**TASK GOAL:**
Set each entry down verbatim, omitting images.
::: GIVEN RECORDS :::
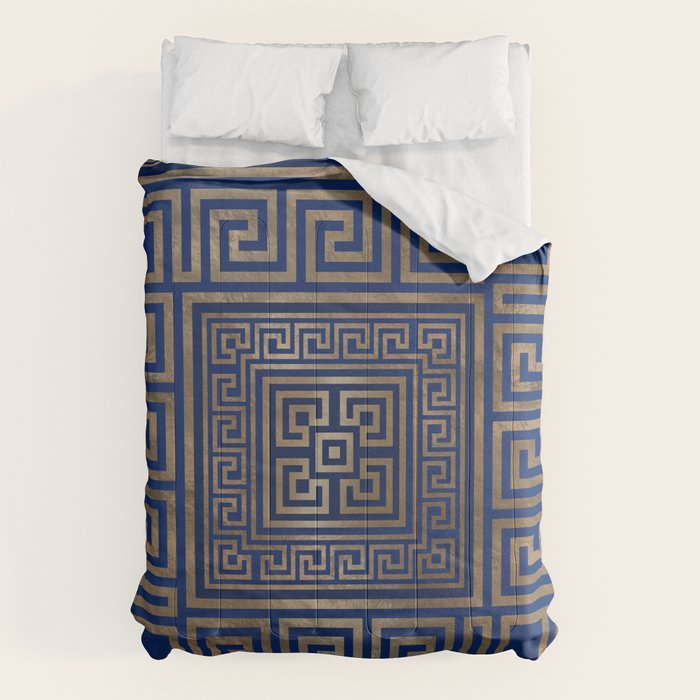 Greek Key Ornament - Greek Meander -gold on blue Comforter Gallery Image 1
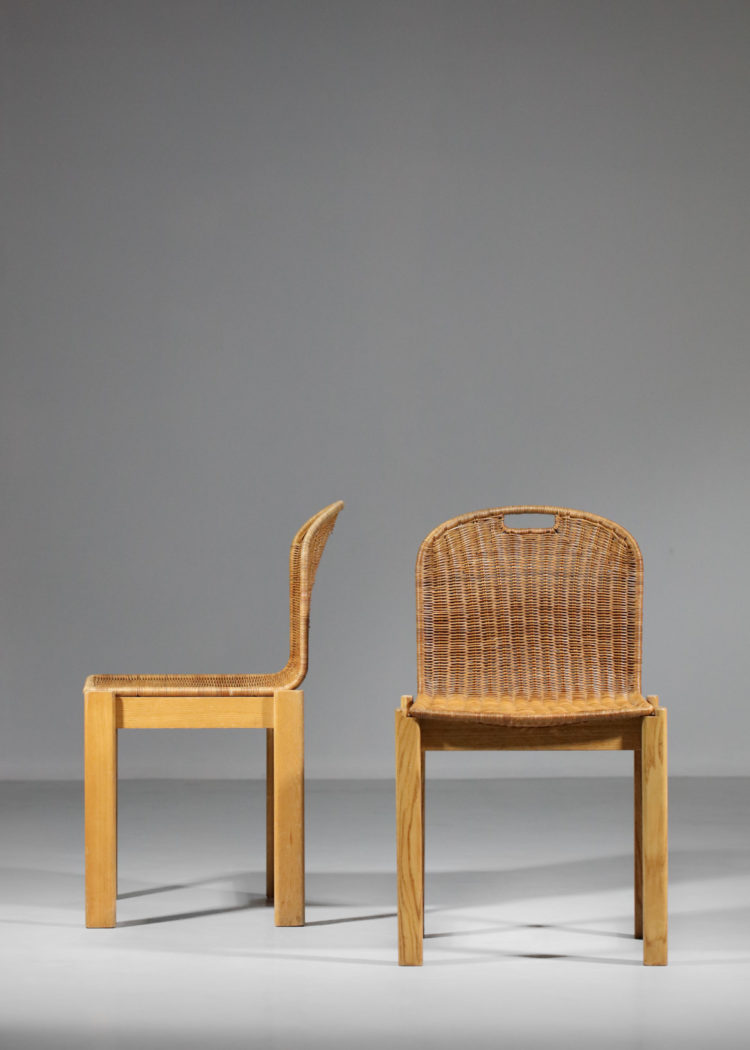 chaise italienne style tobia scarpa vintage chene et osier années 700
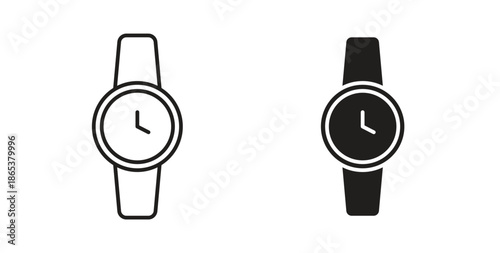 Watch icons illustration, editable stroke, flat design style isolated on white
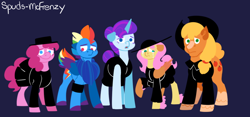 Size: 1050x492 | Tagged: safe, artist:spudsmcfrenzy, character:applejack, character:fluttershy, character:pinkie pie, character:rainbow dash, character:rarity, species:earth pony, species:pegasus, species:pony, species:unicorn, comic:skinwalker, inkieverse, clothing, crying, female, grimdark series, mare, skirt
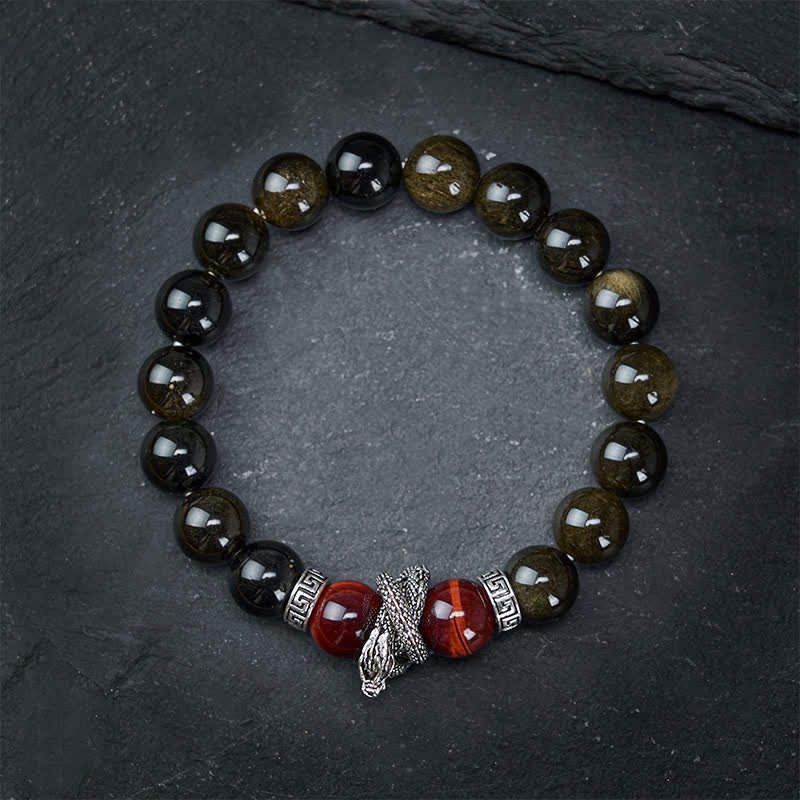 Nimara Ritual Natural Silver Sheen Obsidian Red Tiger Eye Bead Success Bracelet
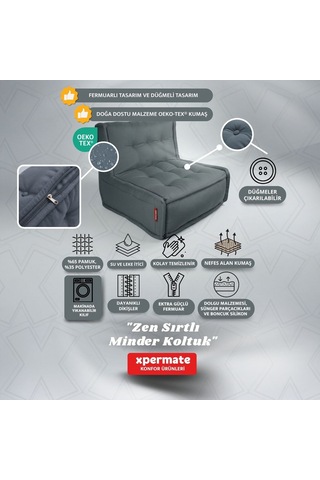 Xpermate Zen Sırtlı Minder İskandinav Tarzı Minder 80x60 Antrasit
:::
**ANSWER TO THIS PROBLEM:**
 Greek Key Ornament - Greek Meander -gold on blue Comforter Gallery Image 1
 chaise italienne style tobia scarpa vintage chene et osier années 700
 Watch icons illustration, editable stroke, flat design style isolated on white
 Size: 1050x492 | Tagged: safe, artist:spudsmcfrenzy, character:applejack, character:fluttershy, character:pinkie pie, character:rainbow dash, character:rarity, species:earth pony, species:pegasus, species:pony, species:unicorn, comic:skinwalker, inkieverse, clothing, crying, female, grimdark series, mare, skirt
 Nimara Ritual Natural Silver Sheen Obsidian Red Tiger Eye Bead Success Bracelet
 Xpermate Zen Sırtlı Minder İskandinav Tarzı Minder 80x60 Antrasit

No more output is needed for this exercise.